## [Provided data]
+===+

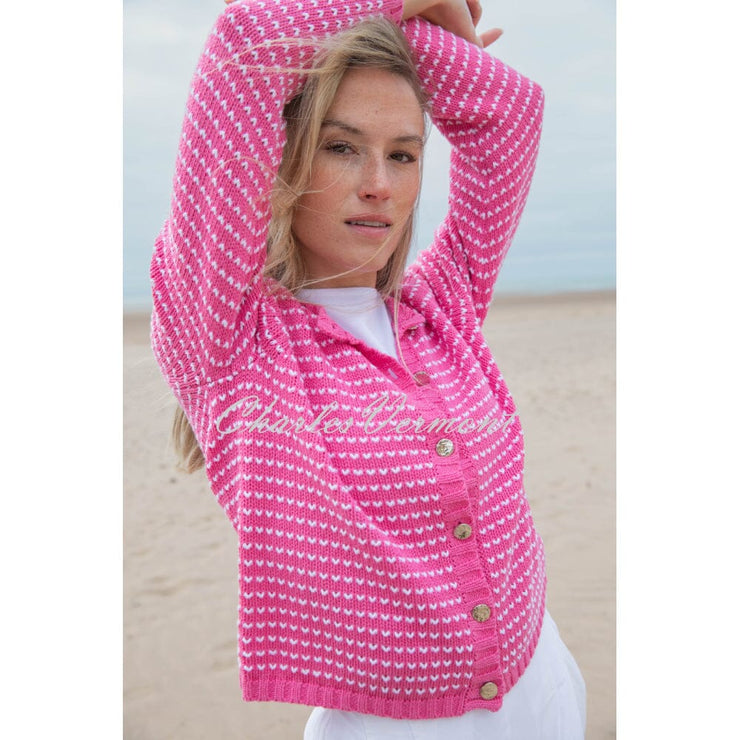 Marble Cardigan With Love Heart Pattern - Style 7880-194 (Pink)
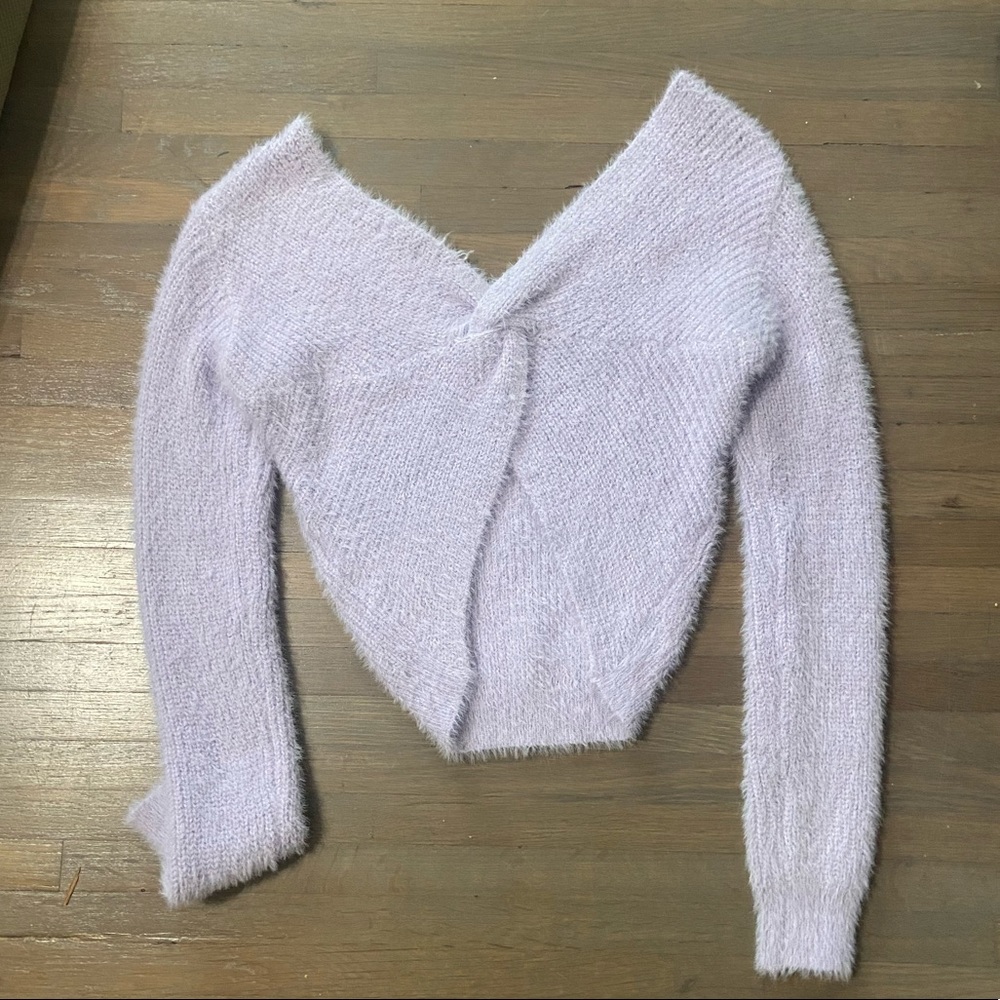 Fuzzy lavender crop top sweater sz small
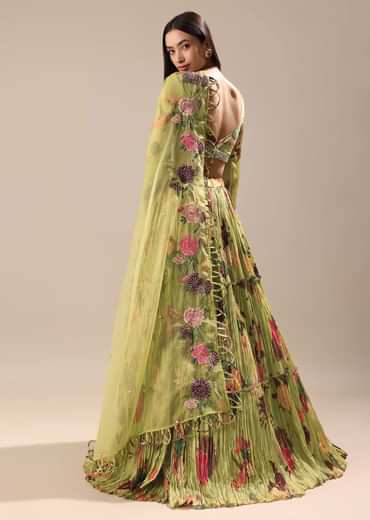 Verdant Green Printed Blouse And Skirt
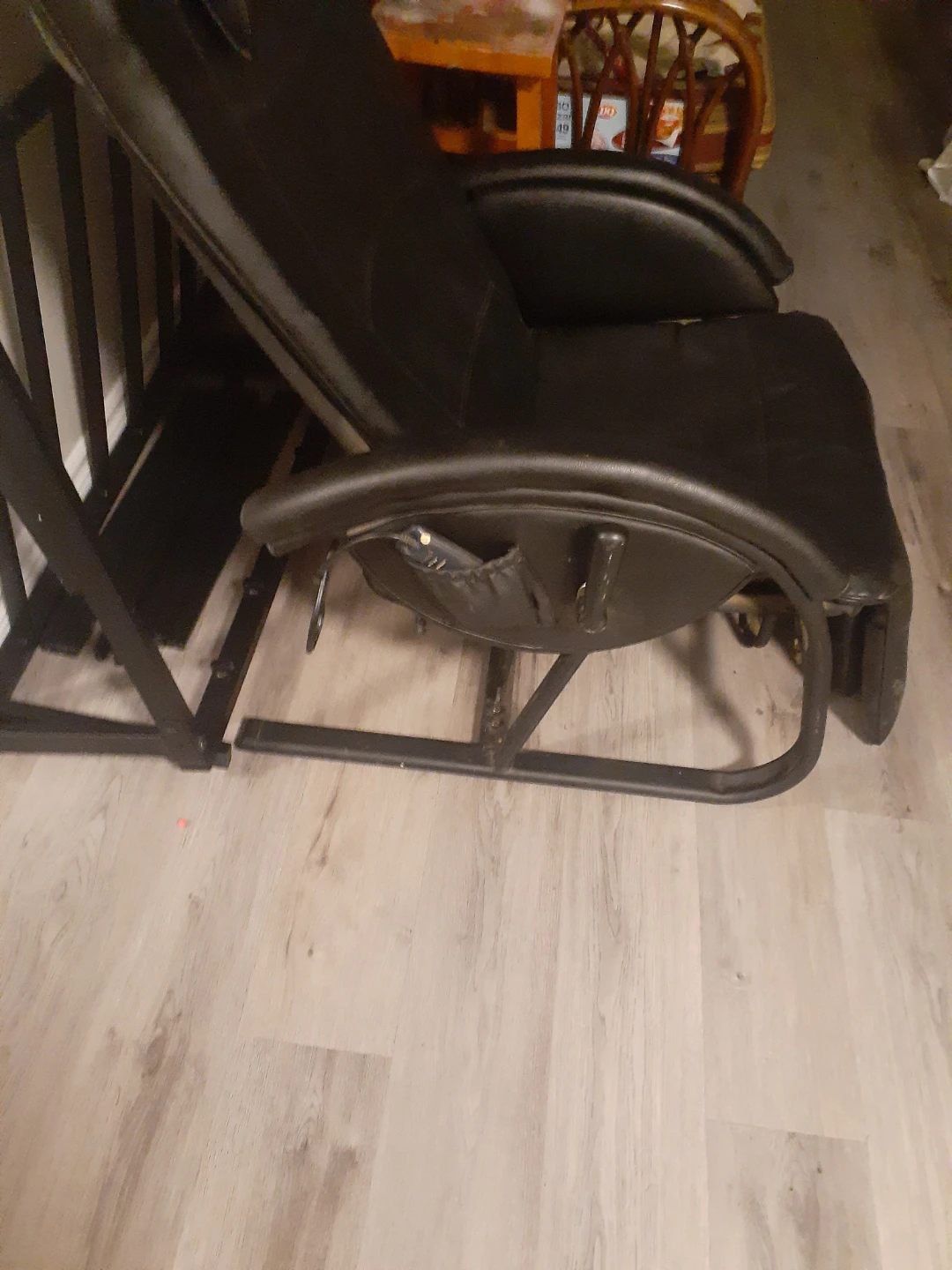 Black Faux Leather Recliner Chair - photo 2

+===+

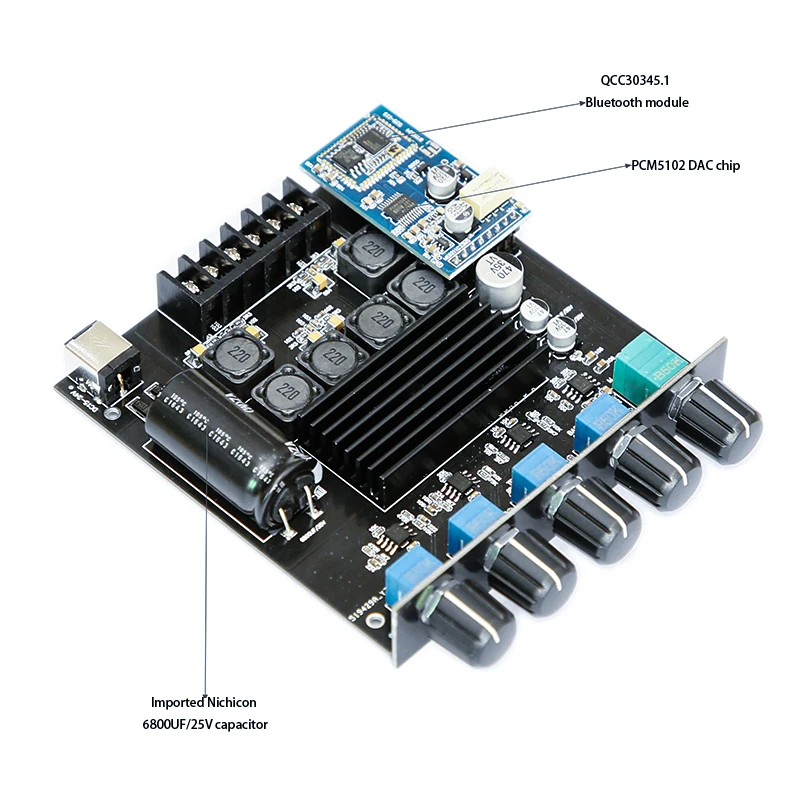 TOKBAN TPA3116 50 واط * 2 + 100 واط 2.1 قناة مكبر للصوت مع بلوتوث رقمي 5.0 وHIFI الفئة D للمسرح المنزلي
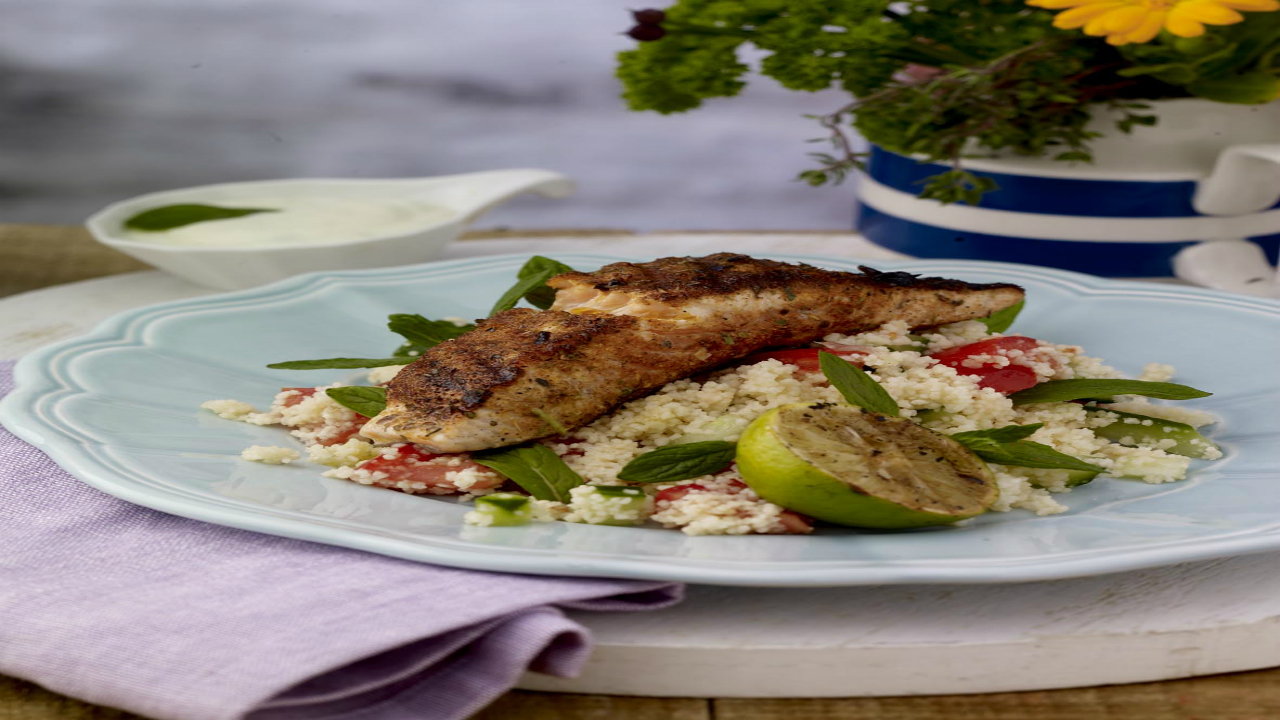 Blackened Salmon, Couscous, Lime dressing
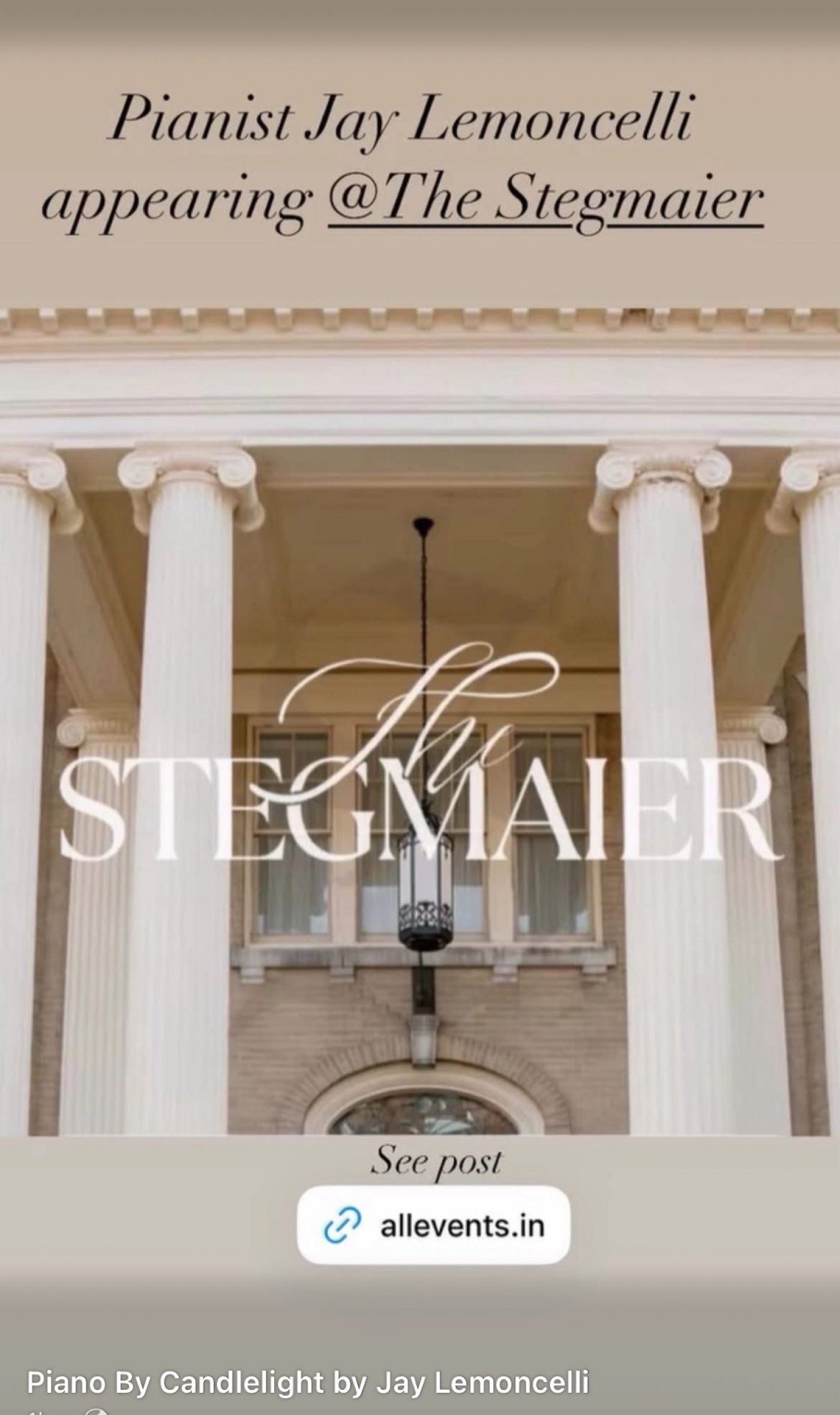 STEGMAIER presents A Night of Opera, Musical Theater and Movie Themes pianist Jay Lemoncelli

+===+

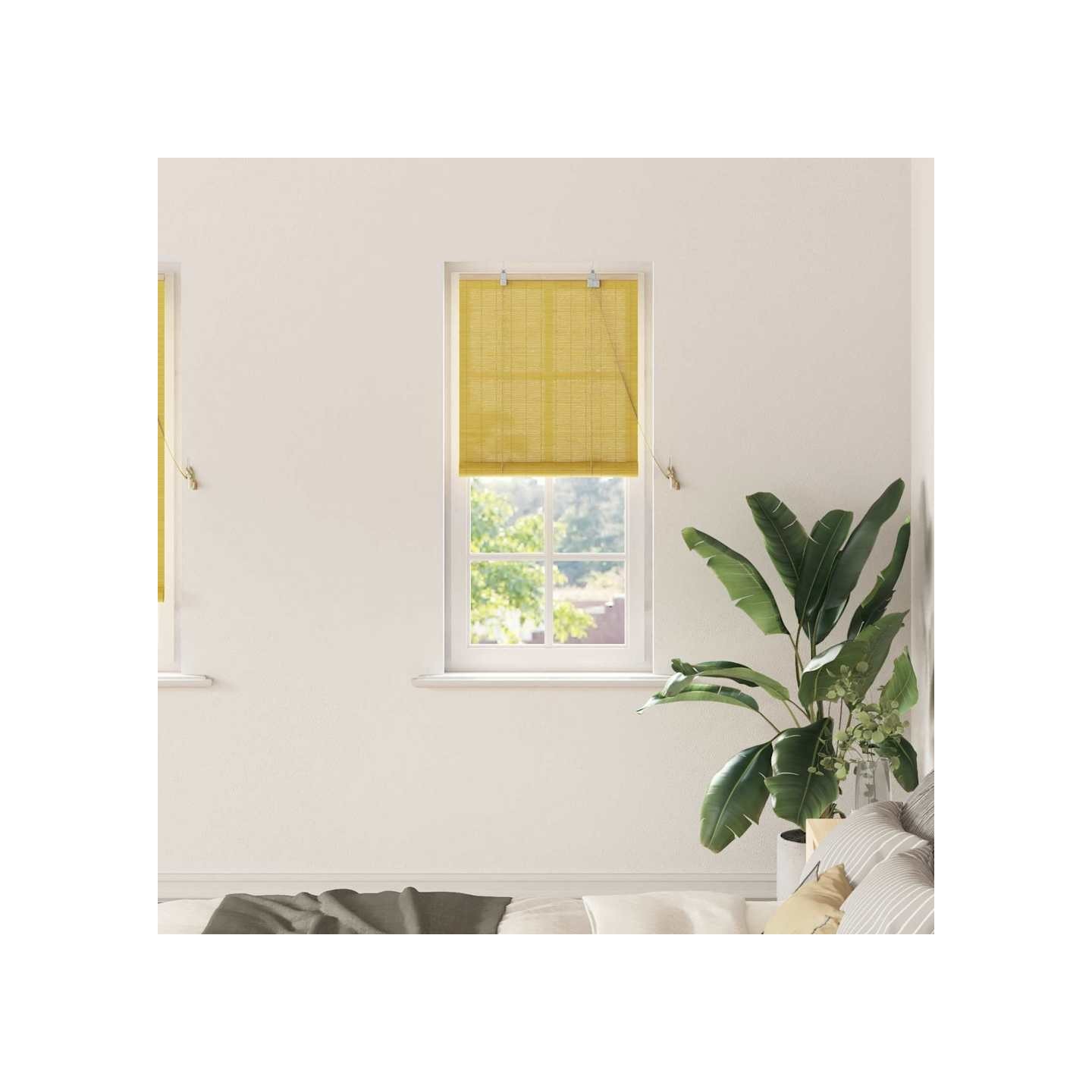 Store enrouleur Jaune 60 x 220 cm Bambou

+===+

Extract, without any images, the part of the material above that opens with the line containing "Marble Cardigan With" and closes with the line containing "Black Faux Leather Recliner Chair - photo 2", both lines included.

 Marble Cardigan With Love Heart Pattern - Style 7880-194 (Pink)
 Fuzzy lavender crop top sweater sz small
 Verdant Green Printed Blouse And Skirt
 Black Faux Leather Recliner Chair - photo 2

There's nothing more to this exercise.